First, what’s the right time to introduce soft skills? Contrary to popular belief, soft skills should not be regarded as a finite set of skills to be learned only in young adulthood to increase employability quotient. Soft skills are life skills that form the foundation of children’s personality and their attitudes towards learning and co-existing successfully in society and in the world.
Given the criticality, they should ideally be inculcated from the foundation years of education to achieve holistic growth. Early childhood programmes and preschools that base their pedagogy on appropriate child-development foundations and developmentally-appropriate practice inculcate these through turn-taking, sharing, active listening, and assigning children responsibilities in the classroom.

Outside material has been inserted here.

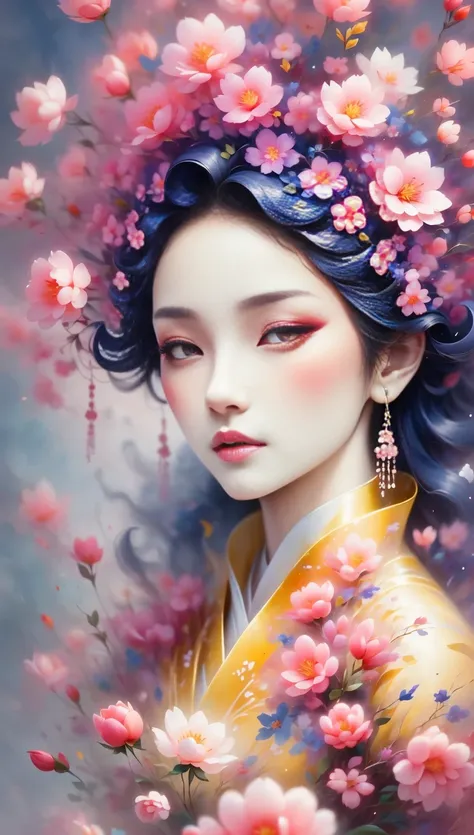 (((baiyun，sakura background))), (((high saturation))), ((surrounded by brilliant colors)))) super detailed, beautiful and beauti...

All this builds critical soft skills such as empathy, flexibility, teamwork, problem solving and ethics. Here are five ways to inculcate soft skills:
Modelling: Do as I do
Humans are profoundly influenced by what they see.With so much power to influence young minds, teachers need to be the primary role model of soft skills. If teachers model these skills and also explain their benefits, students are far more likely to make these behaviours a way of life.
Role-playing: Let’s practice!
Successfully working with others depends more on abstract aspects such as non-verbal cues and body language. Role-playing helps elucidate the abstract side of soft skills and put these into practice. It can be built into the teaching-and-learning cycle by using it during debates and discussions and as a tool for students to demonstrate their learning. Role-playing must always be followed by an active debrief and discussion time during which students are asked specific questions to guide their analysis of body language and communication.
Group projects: A slice of real life
These are ideal to build teamwork, leadership, collaboration, problem solving, and time management. They motivate introverted students to find their voice, and others with varying skills and abilities to find their niche, and reinforce self-regulation, discipline and time-on-task. They broaden horizons of thinking as one’s perspectives evolve through engaging with others. Plus, students learn to negotiate and manage various personalities.
Active listening: Talk less, understand more
The ability to focus on the speaker to understand not just their words but also their non-verbal cues and body language, comprehend the information, and respond thoughtfully is rudimentary to being an excellent communicator. Teachers can foster active listening by using literature to develop empathy and different perspectives among students. Using model videos where actors demonstrate how to and how not to communicate and giving students activities based on these videos will foster active listening and thoughtful responding.
Video diaries: First step to digital etiquette
As online meetings and remote working become the norm, it’s important to know how to present oneself very well on a digital platform. Video diaries are recordings of individuals sharing their thoughts, opinions, ideas and feelings. This promotes self-reflection, critical thinking, awareness of body language, and communication. Students can be asked to record themselves explaining a topic or a project, teaching a concept, or simply sharing their opinions.
The term ‘soft skills’ is a misnomer. For these are the skills that truly strengthen and complete one’s personality.